Deserted by his father, a roving astrologer, London was raised in
Oakland, Calif., by his spiritualist mother and his stepfather, whose
surname, London, he took. At 14 he quit school to escape poverty and
gain adventure. He explored San Francisco Bay in his sloop, alternately
stealing oysters or working for the government fish patrol. He went to
Japan as a sailor and saw much of the United States as a hobo riding
freight trains and as a member of Kelly’s industrial army (one of the
many protest armies of unemployed born of the panic of 1893). He saw
depression conditions, was jailed for vagrancy, and in 1894 became a
militant socialist. London educated himself at public libraries with the
writings of Charles Darwin, Karl Marx, and Friedrich Nietzsche, usually
in popularized forms, and created his own amalgam of socialism and white
superiority. At 19 he crammed a four-year high school course into one
year and entered the University of California at Berkeley, but after a
year he quit school to seek a fortune in the Klondike gold rush of 1897.
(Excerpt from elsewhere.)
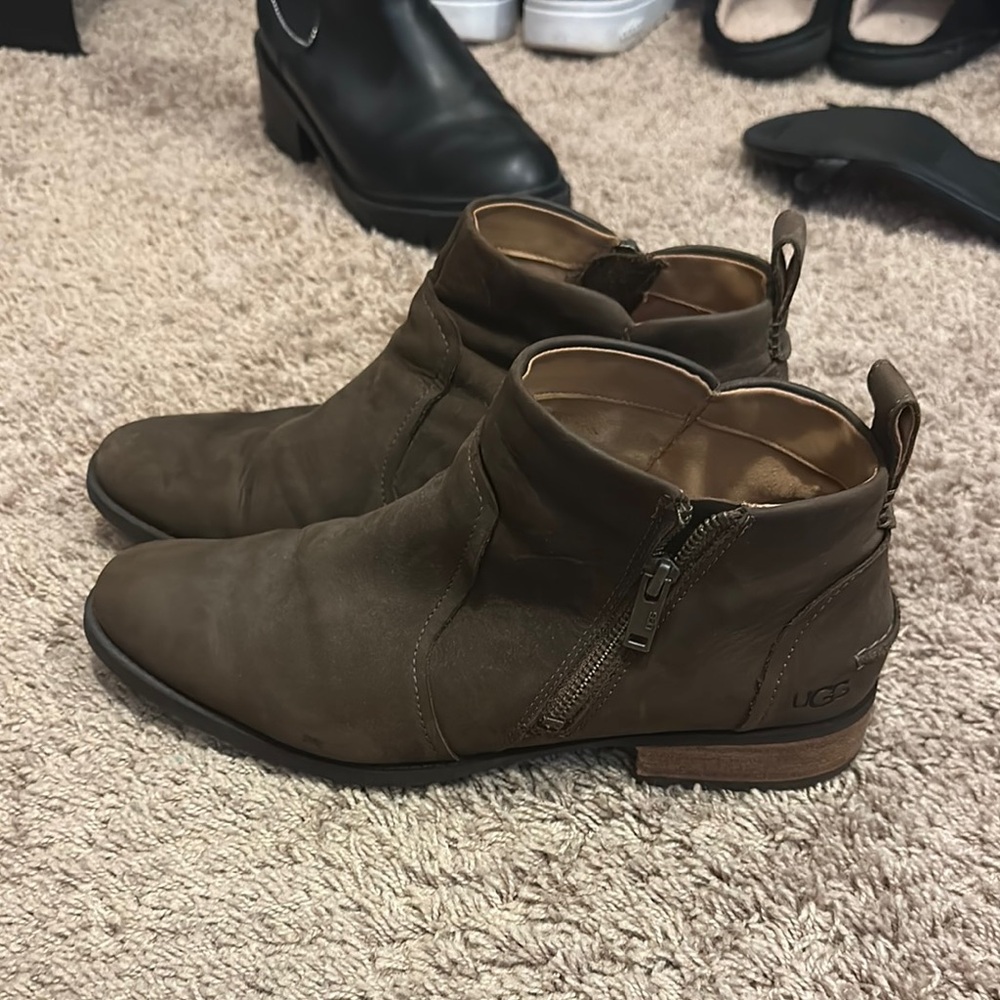 UGG Women’s Dark Brown Leather Boots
Returning the next year, still poor and unable to find work, he decided
to earn a living as a writer.
London studied magazines and then set himself a daily schedule of
producing sonnets, ballads, jokes, anecdotes, adventure stories, or
horror stories, steadily increasing his output. The optimism and energy
with which he attacked his task are best conveyed in his
autobiographical novel Martin Eden (1909), perhaps his most enduring
work. Within two years stories of his Alaskan adventures, though often
crude, began to win acceptance for their fresh subject matter and virile
force. His first book, The Son of the Wolf (1900), gained a wide
audience. During the remainder of his life he produced steadily,
completing 50 books of fiction and nonfiction in 17 years. Although he
became the highest-paid writer in the United States, his earnings never
matched his expenditures, and he was never freed of the urgency of
writing for money. He sailed a ketch to the South Pacific, telling of
his adventures in The Cruise of the Snark (1911). In 1910 he settled on
a ranch near Glen Ellen, Calif., where he built his grandiose Wolf
House. He maintained his socialist beliefs almost to the end of his
life.
Jack London’s hastily written output is of uneven quality. His
Alaskan stories Call of the Wild (1903), White Fang (1906), and Burning
Daylight (1910), in which he dramatized in turn atavism, adaptability,
and the appeal of the wilderness, are outstanding. In addition to Martin
Eden, he wrote two other autobiographical novels of considerable
interest: The Road (1907) and John Barleycorn (1913). Other important
works are The Sea Wolf (1904), which features a Nietzschean superman
hero, and The Iron Heel (1907), a fantasy of the future that is a
terrifying anticipation of fascism. London’s reputation declined in the
United States in the 1920s when a brilliant new generation of postwar
writers made the prewar writers seem lacking in sophistication, but his
popularity has remained high throughout the world, especially in Russia,
where a commemorative edition of his works published in 1956 was
reported to have been sold out in five hours. A three-volume set of his
letters, edited by Earle Labor et al., was published in 1988.